Malgrado si manifesti inizialmente come problema di natura fisica e organica, la malattia tende a generare una frattura nell’equilibrio psicologico precedentemente raggiunto dal bambino.

Il ricovero in ospedale, in modo particolare, costringe il bambino a cambiamenti nei ritmi e nelle attività della vita quotidiana e induce l’esigenza di cercare nuovi legami sicuri che possano proteggerlo dalle situazioni più disagevoli e disturbanti.

In ospedale il bambino dovrà necessariamente subire cambiamenti negli abituali rapporti con il mondo esterno (la famiglia, gli amici, la scuola, ecc.) e dovrà inevitabilmente affrontare delle limitazioni (nelle possibilità di movimento fisico, nel regime alimentare, ecc.).

Il bambino e i suoi familiari vengono quindi a trovarsi in una situazione in cui si rende necessario compiere una rielaborazione cognitiva della malattia e delle sue conseguenze.

Se tale rielaborazione non è adeguata possono insorgere reazioni emotive che compromettono l’equilibrio psicologico e la capacità di affrontare la malattia fisica in modo efficace

La psicologia pediatrica

Il bambino e la malattia: la psicologia pediatrica

La psicologia pediatrica è un settore della psicologia che si occupa dello studio degli aspetti psicologici del bambino malato e del bambino ospedalizzato.

Da un punto di vista applicativo, la psicologia pediatrica ha lo scopo di fornire un supporto e un sostegno psicologico al bambino malato e alla sua famiglia.

Attraverso la consulenza ai genitori e ai medici, il sostegno al bambino e alla sua famiglia, l’organizzazione di varie attività (ludiche, didattiche, ecc.) lo psicologo pediatrico fornisce un contributo importante per l’assistenza al bambino malato e ospedalizzato.

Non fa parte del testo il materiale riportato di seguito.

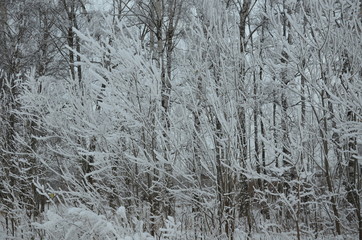 Trees with snow in winter park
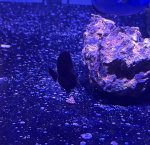 IMG_7327.jpeg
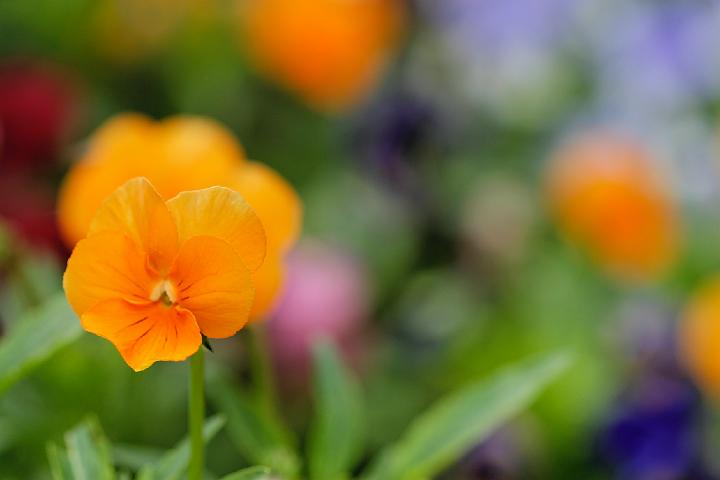 _MG_3300.jpg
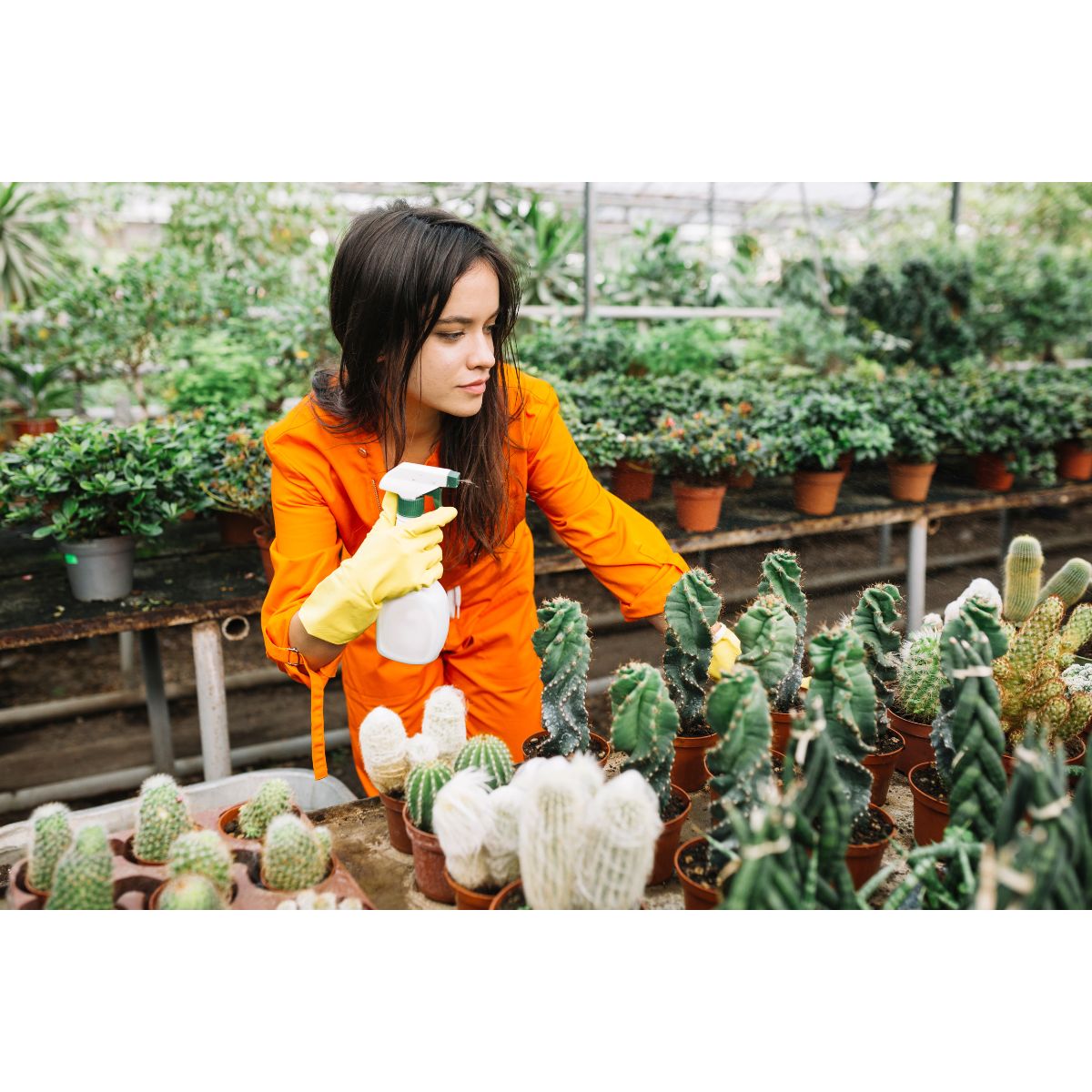 top 10 Common Vegetable Gardening Mistakes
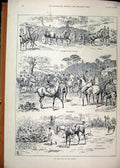 Original Old Antique Print Fox Hunting Season 1895 Horse Carriage Hounds 19th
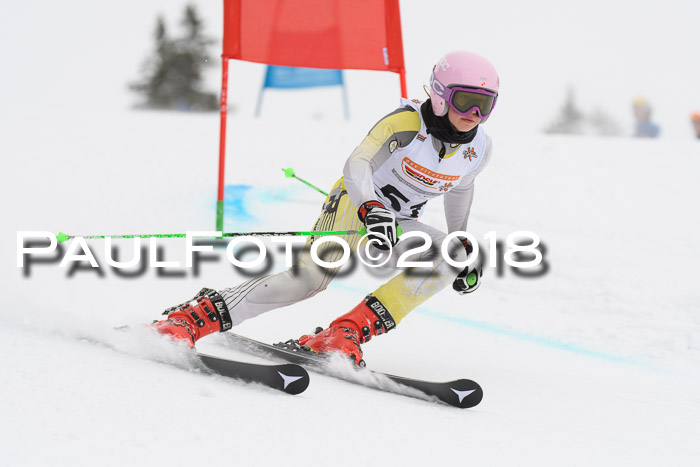 Dt. Schülercup U14 Finale, Riesenslalom, 03.03.2018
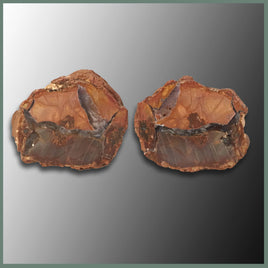 CMT136pr Cold Mountain Thunderegg Specimen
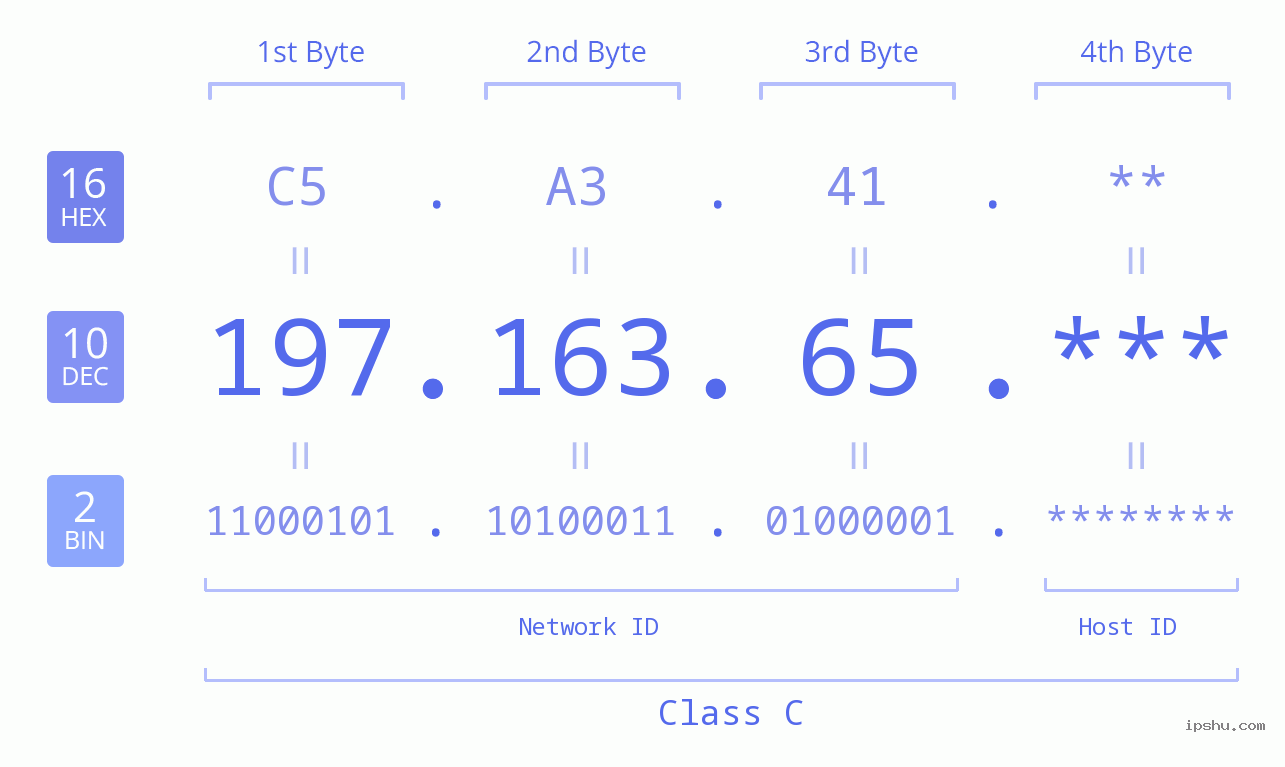 IP Address: 197.163.65 Data Structure Chart BIN DEC HEX IPv4: 197.163.65 Network Class, Net ID, Host ID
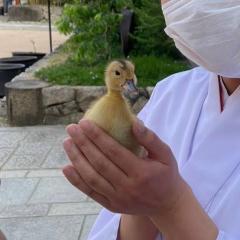 神社が飼育する鴨を木にたたきつけた疑い、26歳男を現行犯逮捕 旅行者が目撃 神戸・生田神社のイメージ画像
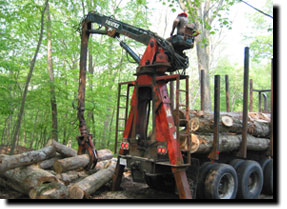 Log Removal
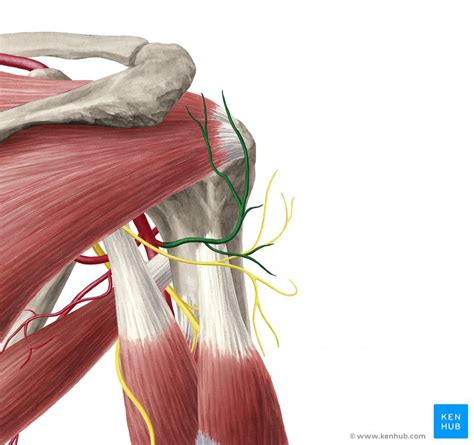 Posterior Circumflex Humeral Artery Course Supply Kenhub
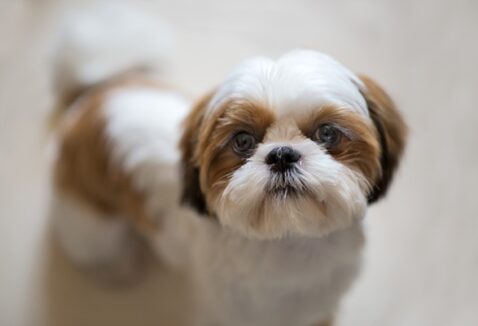 Cuidados com Shih Tzu: dicas para manter o bem-estar e a qualidade de vida do seu pet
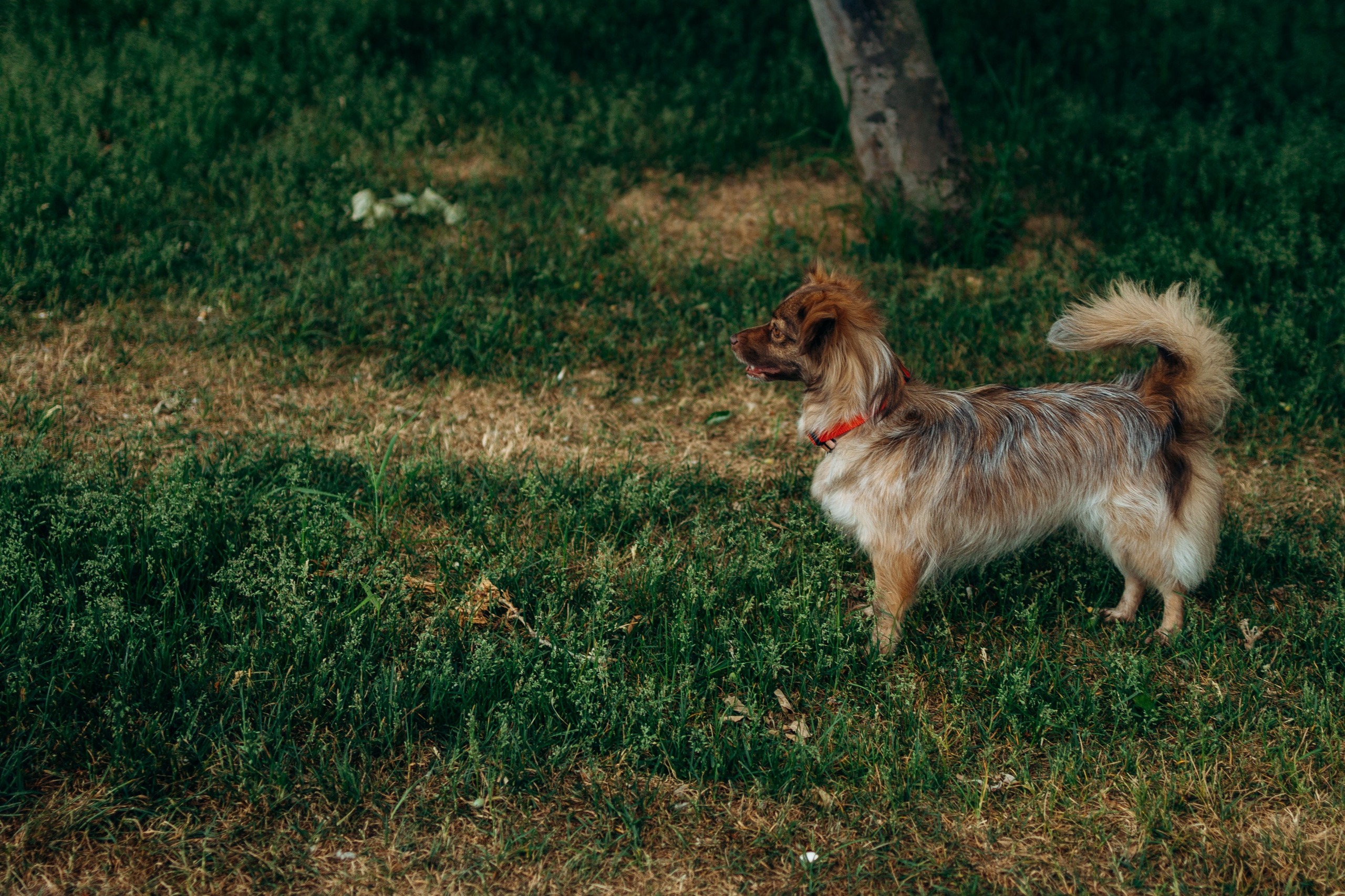 Дарья и Ассоль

Gli interventi dello psicologo pediatrico vengono attuati basandosi su alcuni presupposti di base, come il coinvolgimento di tutte le figure professionali, il coinvolgimento della famiglia e dei caregiver, il curare il bambino preservando il suo mondo relazionale.

Un buon intervento di psicologia pediatrica può contribuire in maniera determinante a rendere la malattia del bambino meno disturbante e più sopportabile per il bambino stesso e per i suoi familiari.

Può anche contribuire ad aiutare i vari caregiver e i medici stessi ad affrontare in maniera più adeguata e più serena il loro lavoro a contatto con la malattia.

In alcuni ospedali italiani lo psicologo pediatrico è una figura professionale già presente, anche se spesso in forma precaria e saltuaria. Sarebbe auspicabile una maggiore presenza di tale figura professionale in tutti i reparti di pediatria degli ospedali ed anche una collaborazione tra tale figura e i pediatri di famiglia.